İran, Gazze ve Filistin meselesini iğrenç bir şekilde sömürüyor: Mazlumların hâmisi, emperyalistlerin düşmanı rolü oynuyor! Bin yıllık büyük bir oyunun kilometre taşları bunlar: İran mazlumların hâmisi olamayacak, Sünnî İslâm’ı köleleştirecek, İslâm dünyasını kan gölüne çevirecek kadar tehlikeli bir şekilde yerleştiriliyor bölgeye emperyalistler tarafından. Kandan, çatışmadan beslenen bir devlet İran!
Batılı emperyalistler İran’ın önünü açarak Türkiye’yi kuşatmak, İslâm dünyasının kaderinin Türkiye tarafından belirlenmesinin önüne set çekmek istiyorlar.
O yüzden ne yapıp edip Türkiye’ye tuzak kurarak Türkiye’yi savaşa sokmak sonra da parçalamak istiyorlar! ABD 6 denizaltı filosuyla, Çin de hakeza 6 denizaltı filosuyla sadece Gazze için mi geldi sanıyorsunuz bölgeye?
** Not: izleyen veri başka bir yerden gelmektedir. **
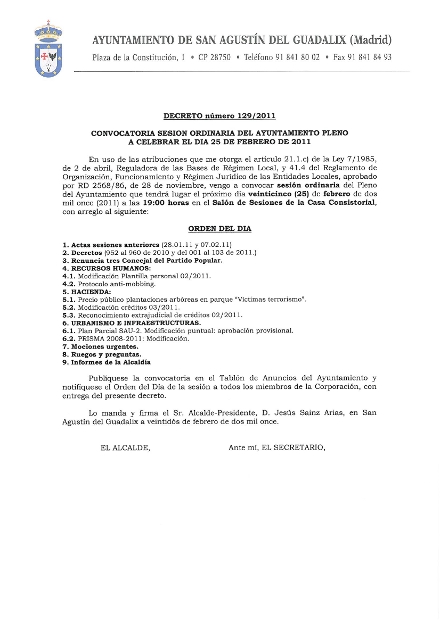 Convocatoria de Sesión Ordinaria del Pleno del ayuntamiento el 25 de febrero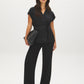 Black Kimono Wrap Blouse with Waist Tie - Front View - Suzy Shier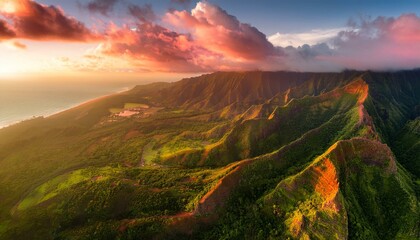 Wall Mural - a sunset on a  mountain 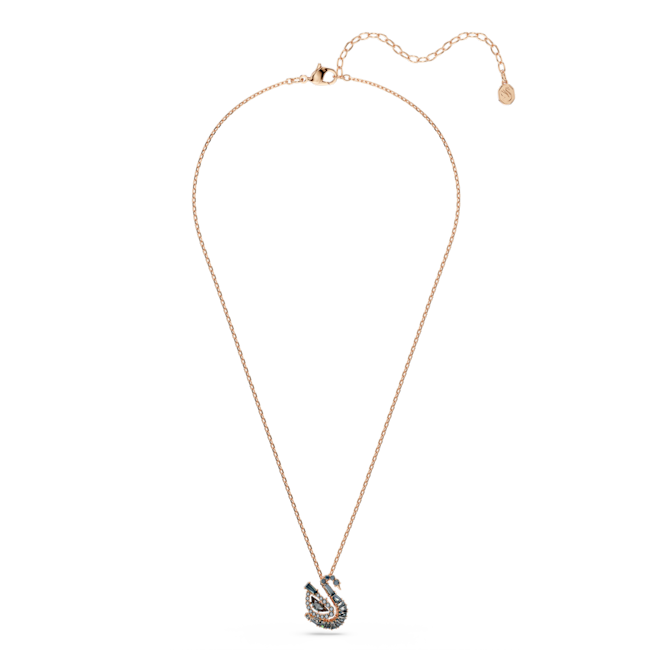 SWAROVSKI Swan pendant, Mixed cuts, Swan, Black, 18K rose gold finish 5764882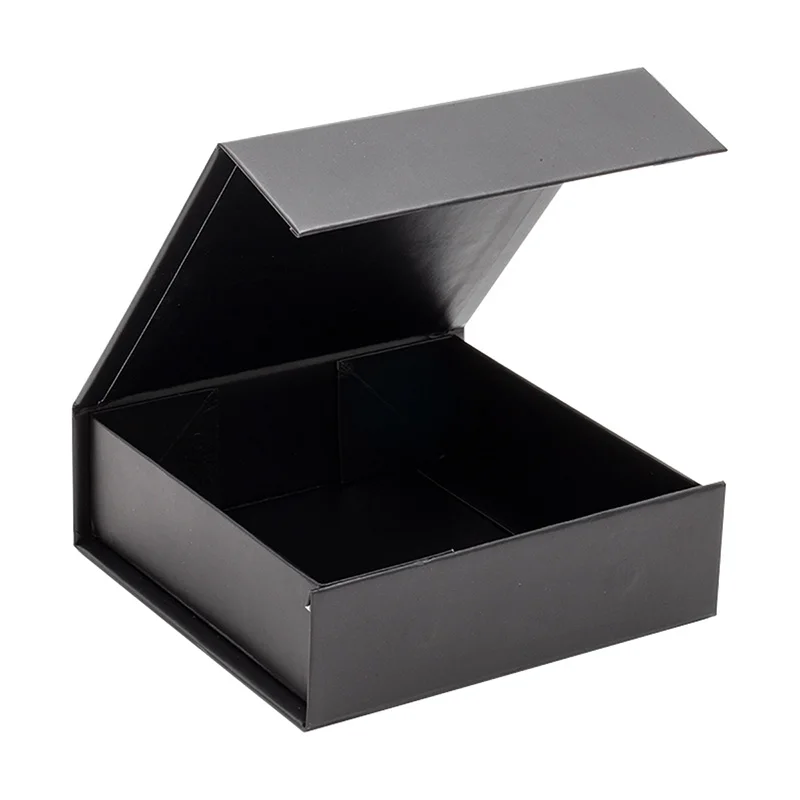 Custom premium black magnetic closure small tiny gift packaging box wholesale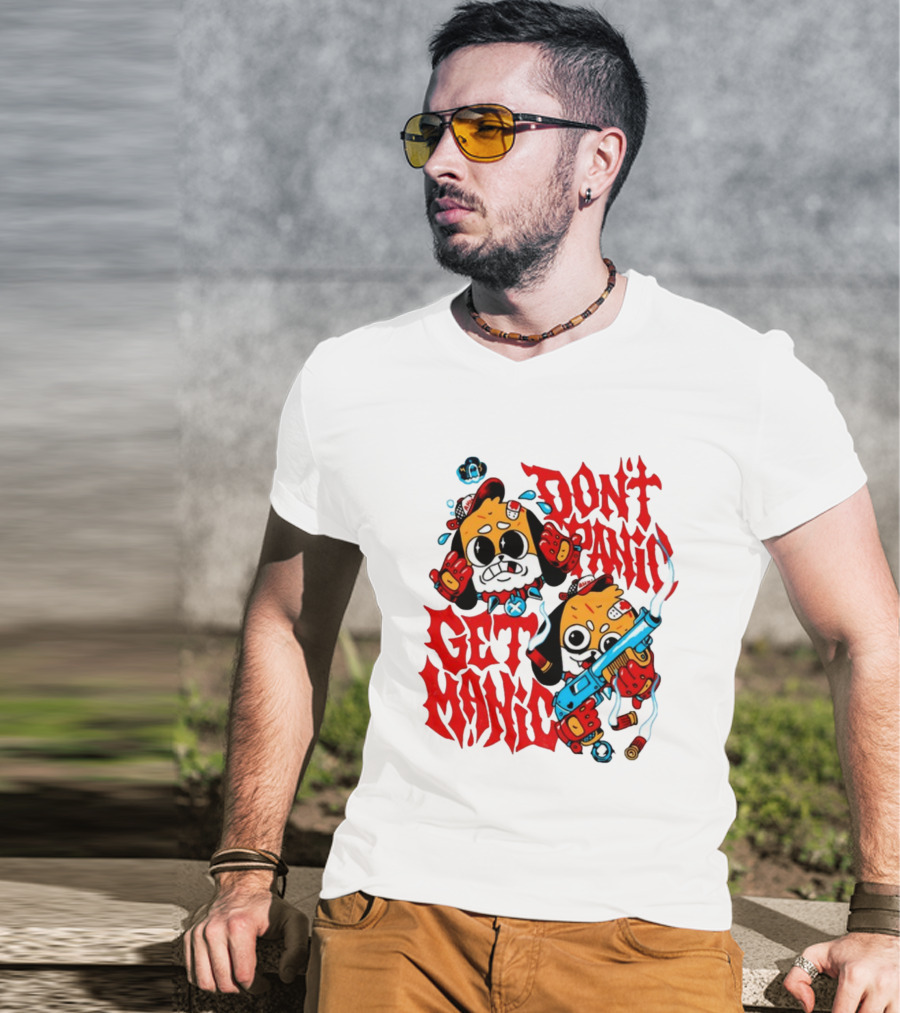 Don't Panic Get Manic Cartoon Characters With Colorful Styling And Playful T-Shirt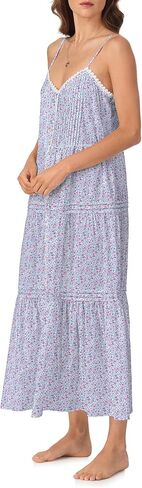 Eileen West Womens Sleepwear & Loungewear - Woven Lawn Collection - 100% Cotton Lightweight Sleeveless Long Modern Nightgown in Saudi Arabia
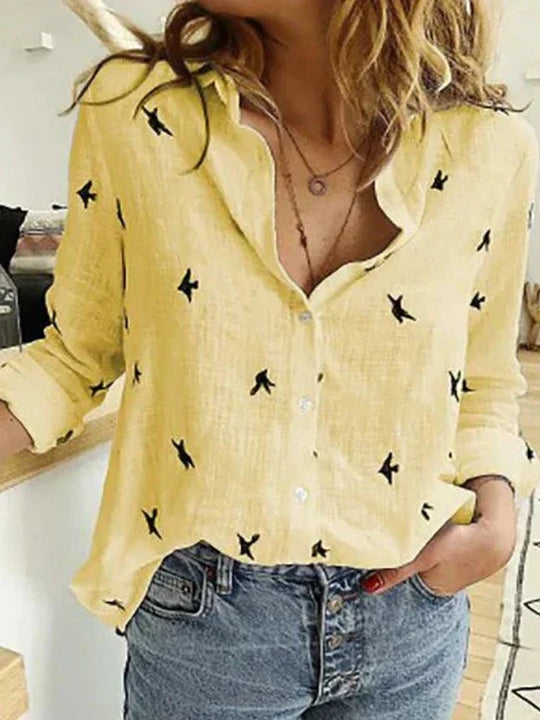 Elegantes, lässiges Damenshirt mit langen Ärmeln aus Baumwolle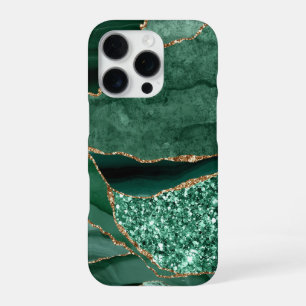 Funda Para iPhone 16 Pro Geoda de mármol verde con brillo dorado de ágata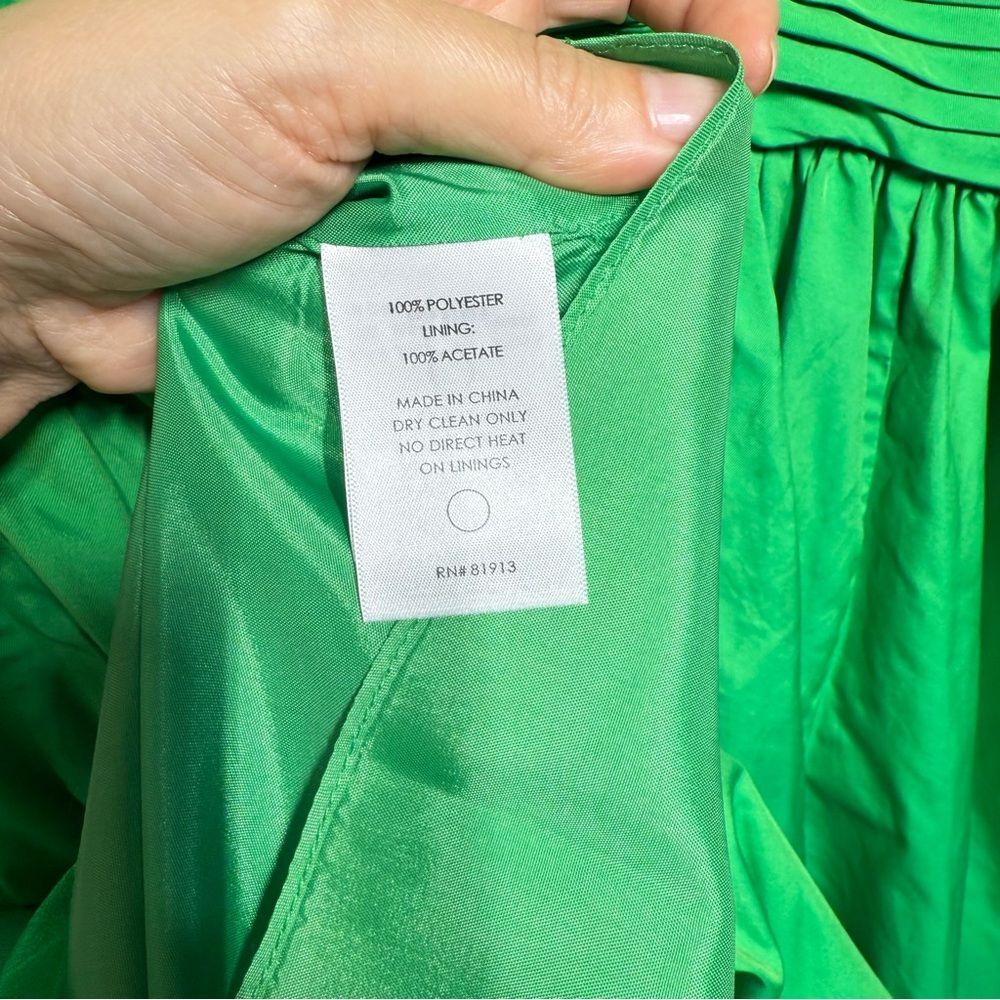 Anthropologie Tracy Reese Midi Dress Parted Emerald Dress with Pockets 8 - Picture 13 of 15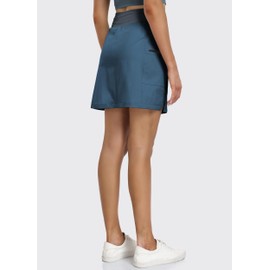 Hiverlay Women's Skorts Skirts Hiking Cargo Skirt with Biker Shorts Zip Pockets Outdoor Hiking Athletic Tennis Blue m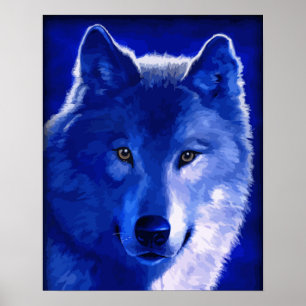 By The Light of the Moon Blue Wolf Poster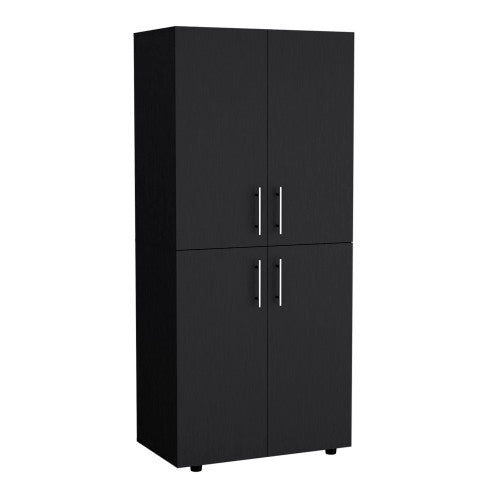 70" High Four-Door Armoire Wardrove Closet Cabinet, Six Shelves and Two Hanging Rods, Bedroom Clothes Storage Cabinet Organizer Black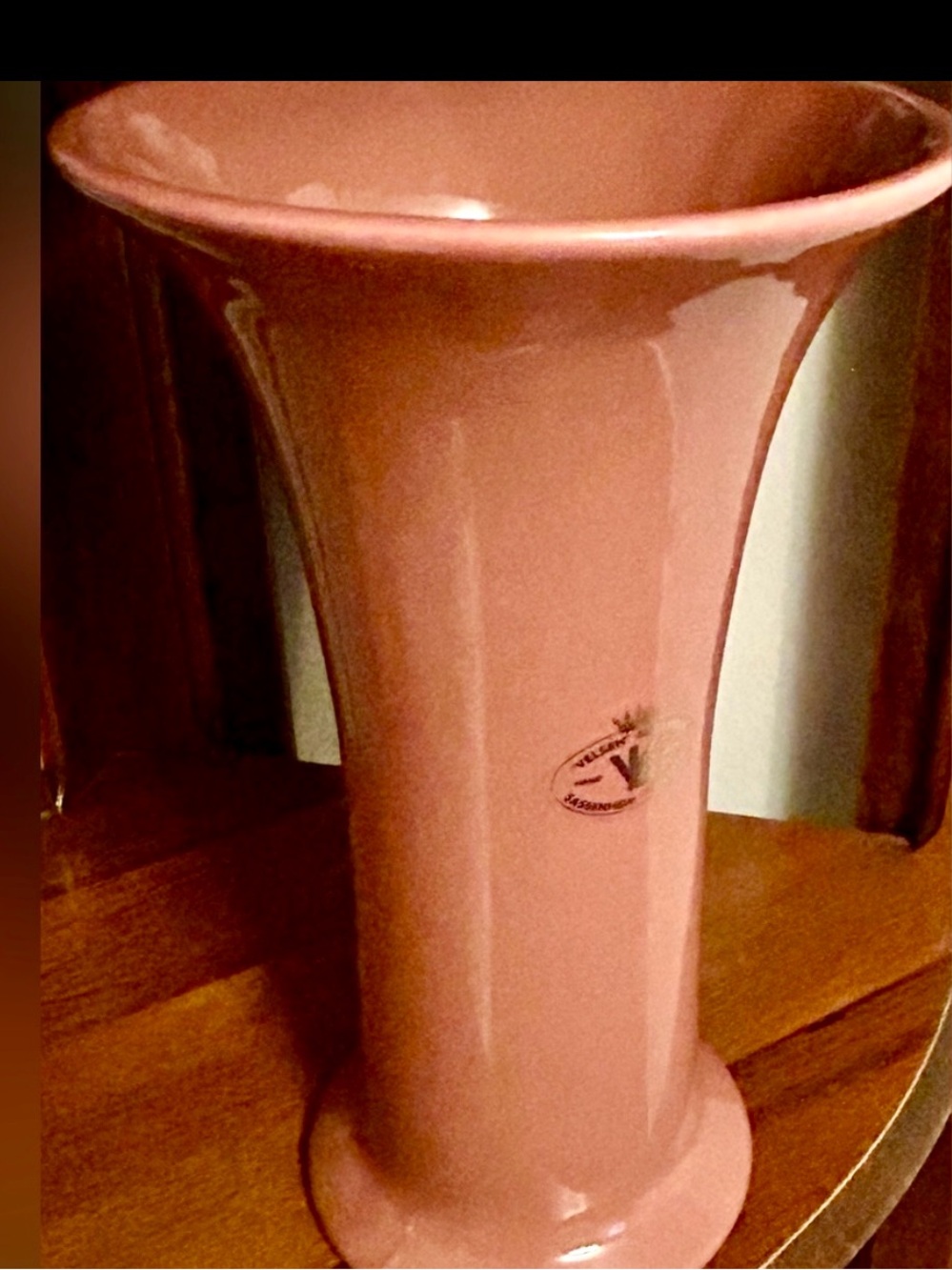Vintage Velsen Keramik Pink Trumpet Vase 8” Holland MCM Ceramic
Ben Gazze’de olduğumuzu biliyorum. STK’lar üzerinden yaptığımız yardımları, bizzat Filistinli mücahitlere, yöneticilere teslim ettiğimizi çok iyi biliyorum. Bütün bu işlerin devletin ilgili birimleri olmadan yapılamayacağını da çok iyi biliyorum.
Bunlar elbette ki yetmez. Aslâ! Türkiye, Gazze’ye daha fazla el uzatmalı. İsrail terör devletine ekonomik ve askerî ambargo uygulanması konusunda uluslararası bütün imkânlar seferber edilmeli!
Türkiye’nin İsrail’e gemi ticaretini sürdürdüğüne dâir haberler geliyor. Bunlar doğruysa çok vahim. Türkiye bu gemilere izin vermekle kendi ayağına kurşun sıktığını unutmamalı.